Delays and frustrations with the always-on stalker | City | Halifax, Nova Scotia | THE COAST

Delays and frustrations with the always-on stalker

Halifax police hand off revenge porn case to Florida.

Remember the story of Kim and Nicole? The two women who used pseudonyms to go public with allegations that an ex-boyfriend was harassing them with revenge porn? The women who complained local police mishandled their case?

Halifax police confirmed last week they have handed Nicole and Kim’s case to police in Pasco County, Florida, where the ex-boyfriend’s parents live. As Halifax police spokesperson Theresa Rath explains, it’s their jurisdiction.

“Based on our investigation, the incidents are believed to have originated in Florida and, as a result, Pasco County Sherriff's Office has jurisdiction over these files,” Rath writes in an email.

Halifax police have sent all the information they have on the case to Pasco County police, and will help the sheriff's office “in any way possible,” she says. However, Rath reveals police are not applying for a Mutual Legal Assistance Treaty—which allows police to work together across borders—because Pasco County now has the case.

Halifax police have now closed their investigation.

Both Nicole and Kim report the CyberSCAN unit, the justice department wing created after the death of Rehtaeh Parsons, is actively working on their case. But that unit deals with civil rather than criminal actions, meaning they can’t charge anyone for a crime. Nicole says CyberSCAN is no longer working with police on their case.

Following The Coast’s investigation into how police handled their case, deputy Halifax police chief Bill Moore said on CBC Radio, “There’s no way I can put sugar on this,” and, “it’s probably not our best effort.”

In a sit-down interview with The Coast on October 7, Moore said he had assigned a senior supervisor to go over the case to figure out whether it was investigated properly. At the time, Moore said this review shouldn’t take more than one or two weeks and would be made public when complete. A month later, that review is not ready yet. Rath explains it was delayed because officers assigned to these types of reviews oversee all investigations, and “it has been very busy of late.”

A draft of the review is finished, Rath says. When it’s done, the supervisor will discuss the details with the deputy chief.

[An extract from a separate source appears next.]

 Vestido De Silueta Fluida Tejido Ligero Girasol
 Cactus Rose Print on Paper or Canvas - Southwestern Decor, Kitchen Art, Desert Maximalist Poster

After that, police will speak publicly about the review’s “overall organizational findings,” Rath says, but not the details of the case.

It’s the second time Halifax police have closed Nicole’s case. In April, a Halifax officer called the wrong Nicole. She didn’t know what they were talking about and denied the allegations. As a result, Halifax police shut the file, but quickly re-opened it when the real Nicole and Kim threatened to go to the media. Now that Halifax has shifted the case to Pasco County, the two women are concerned it will be the same old story, again.

After all, it was a Pasco County officer who reportedly responded to Nicole’s complaint of revenge porn, attempted rape and online harassment by saying, “I’m going to give you the same advice that I give to everyone else with this problem: stop using social media and get rid of your computer.”

“I have a feeling that it is going to be much like my experience here and I have little hope that there will be an investigation into my case,” Nicole says.

The Pasco County Sherriff’s Office confirmed they have directed Nicole and Kim’s case to their major crimes unit but declined to provide any other information on the case.

Kim worries police may have shifted the case to the wrong county, since she believes Nicole’s ex-boyfriend lives in Tampa, Florida—his parents are the ones in Pasco County. “Well I mean handing it off to Florida police might have been the way to go had they handed it off to Tampa, where the crime is being committed.”

“But I don’t know how the States do things,” Kim says. “We’ll see. I don’t think anything will be done with it.”